Prepostprocessor for a new dataset

Question

Prepostprocessor for a new dataset

hallavar opened this issue 2 years ago · 1 comments

Hello,

I'm trying to adapt your solution for a new dataset based on CIFlowMeter features extractor.

I would like to know what are the expected output of the preprocess and the postprocess.

Because I already have my data in the format require by doppelGANger, so I was thinking about just loading my data in these functions.

In the output of preprocess, before being given to training step, should all my attributes be continuous, or should I keep some discrete attributes that will be manage by word2vec, and if so, where do I indicate which attribute is continuous and which attribute is discrete ?

Also, in your example on zeek, you didn't change any argument in the PrePostProcessor config field of the config file

},
  "pre_post_processor": {
      "class": "ZeeklogPrePostProcessor",
      "config": {
          "norm_option": 0,
          "split_name": "multichunk_dep_v2",
          "df2chunks": "fixed_time",
          "full_IP_header": true,
          "encode_IP": "bit"
      }

Wouldn't be a problem anywhere else down the pipeline ?
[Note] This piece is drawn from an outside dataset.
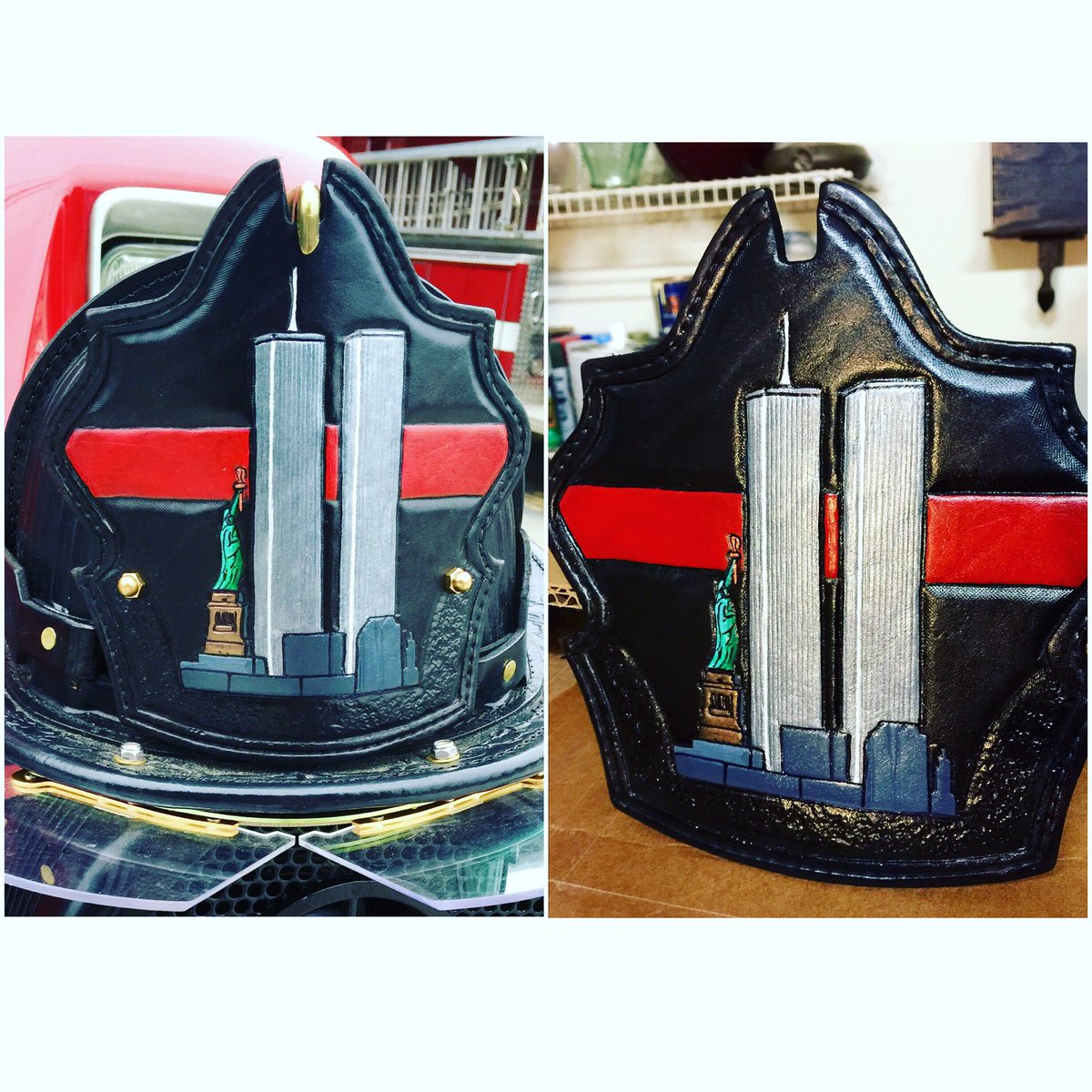 FFShields's tweet image. 9/11 shields.  Design pictured on any style shield we offer. $200. $100 from each one goes to the NFFF.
And if so, could you please provide some info on what argument does what ? But if it is not mandatory t change it, we can just keep it like this.

Thanks in advance.

Answer 1 · 2023-07-27T02:13:34.000Z

Hi, thanks for your interest in our work. Not sure if you noticed but we recently refactored our code to PyTorch and are still actively working on that -- feel free to try it out.

Regarding your questions,

Here is a brief guide to tackle different types of variables (e.g., continuous or discrete). Here is a more detailed example when applied to a concrete dataset.
Using the default config should be fine for most cases. We will try to add more info regarding different arguments in the future README.

Let us know if you have further questions and reopen the issue if necessary.